» Exercise
The copy you give must match the listing below exactly and contain no pictures.

» Data to examine
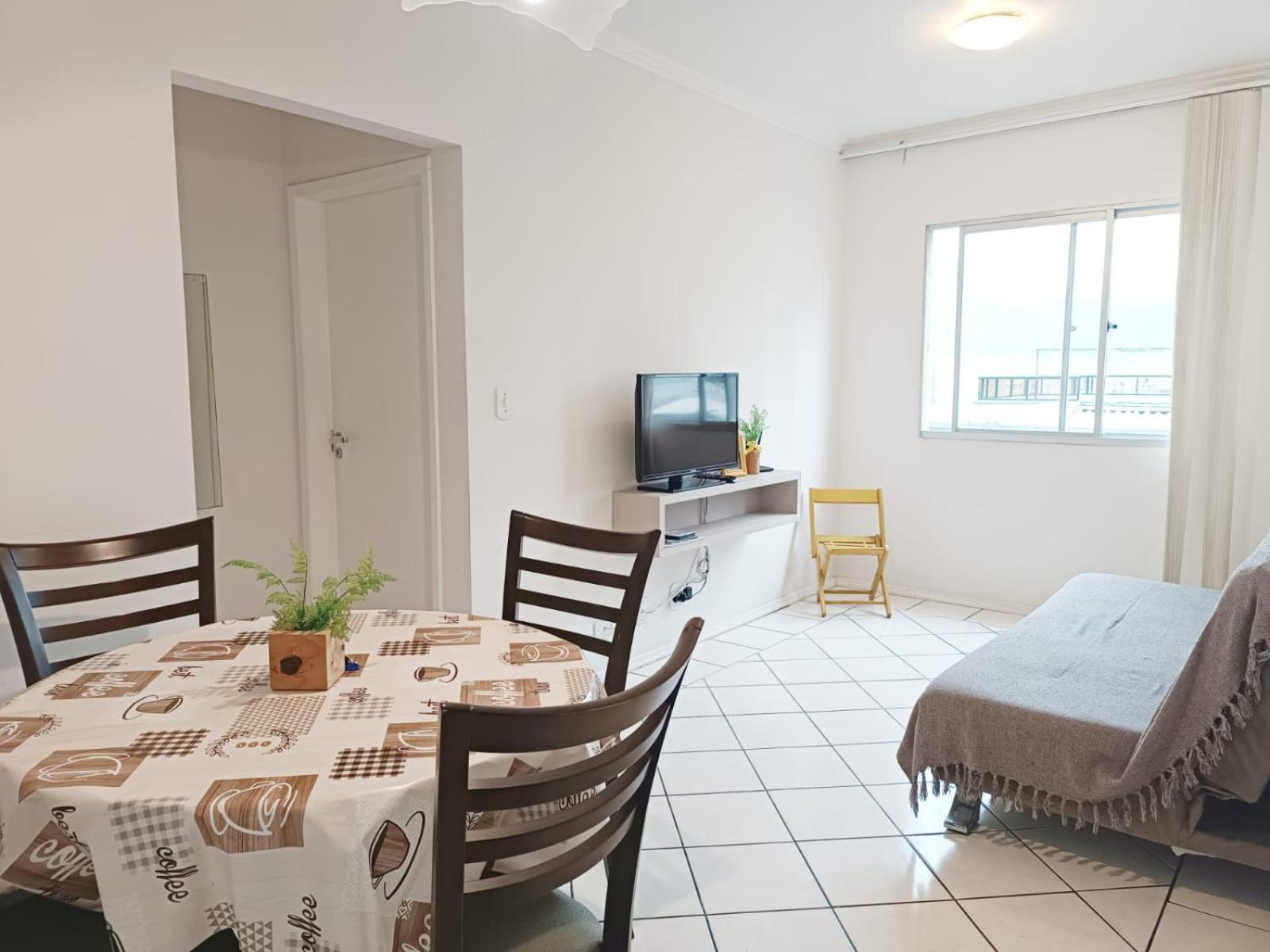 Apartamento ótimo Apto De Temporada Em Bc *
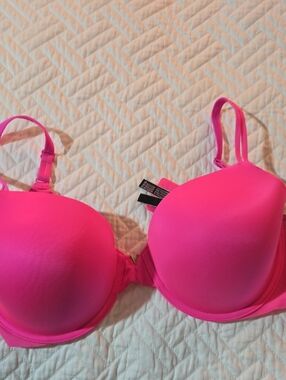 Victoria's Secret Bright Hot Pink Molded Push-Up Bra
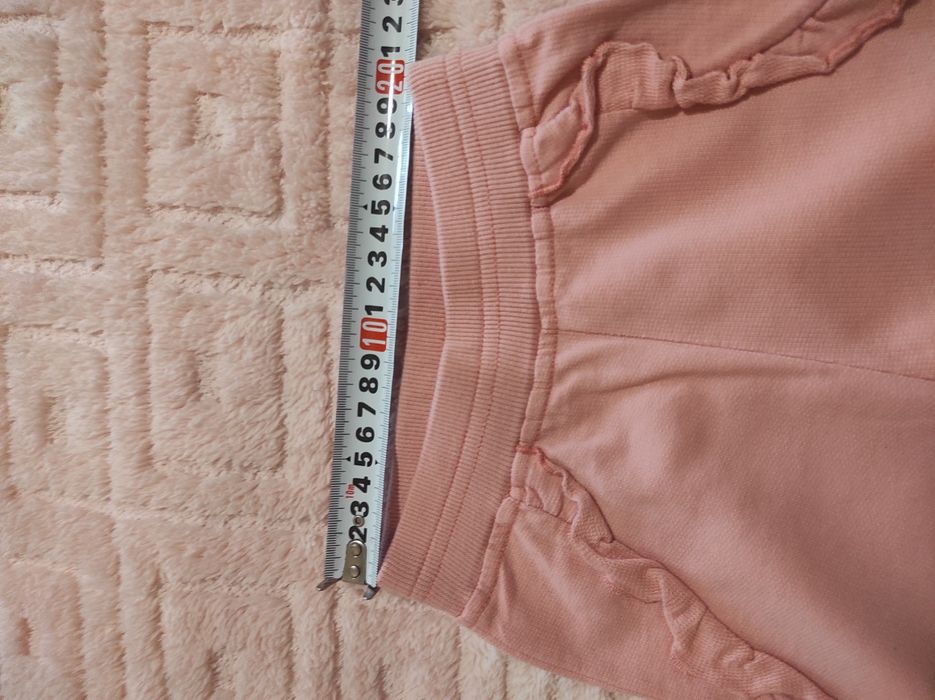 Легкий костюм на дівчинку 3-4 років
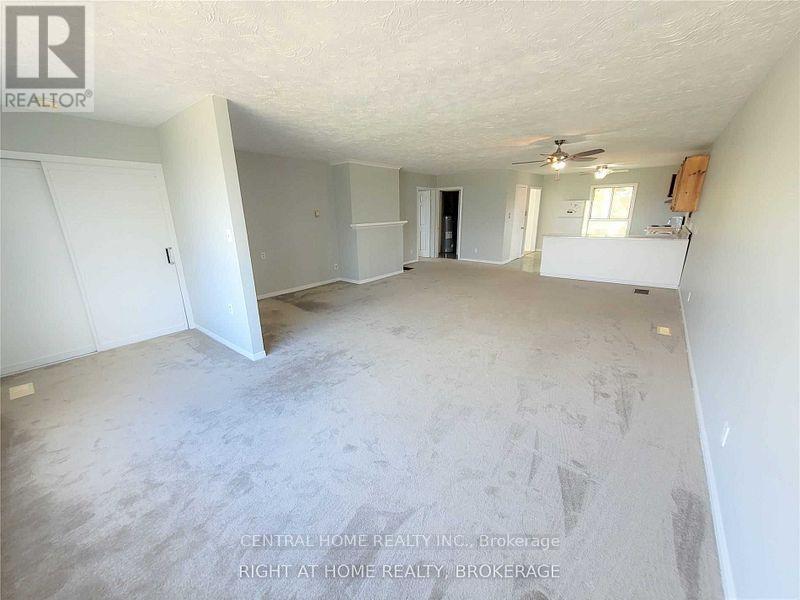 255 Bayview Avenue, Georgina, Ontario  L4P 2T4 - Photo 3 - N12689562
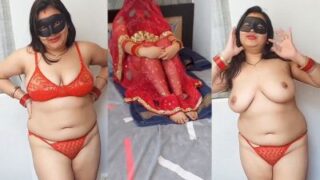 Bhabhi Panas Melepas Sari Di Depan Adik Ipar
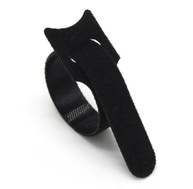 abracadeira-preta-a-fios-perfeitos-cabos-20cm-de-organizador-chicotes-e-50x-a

» Answer for the task
 Apartamento ótimo Apto De Temporada Em Bc *
 Victoria's Secret Bright Hot Pink Molded Push-Up Bra
 Легкий костюм на дівчинку 3-4 років
 255 Bayview Avenue, Georgina, Ontario  L4P 2T4 - Photo 3 - N12689562
 Bhabhi Panas Melepas Sari Di Depan Adik Ipar
 abracadeira-preta-a-fios-perfeitos-cabos-20cm-de-organizador-chicotes-e-50x-a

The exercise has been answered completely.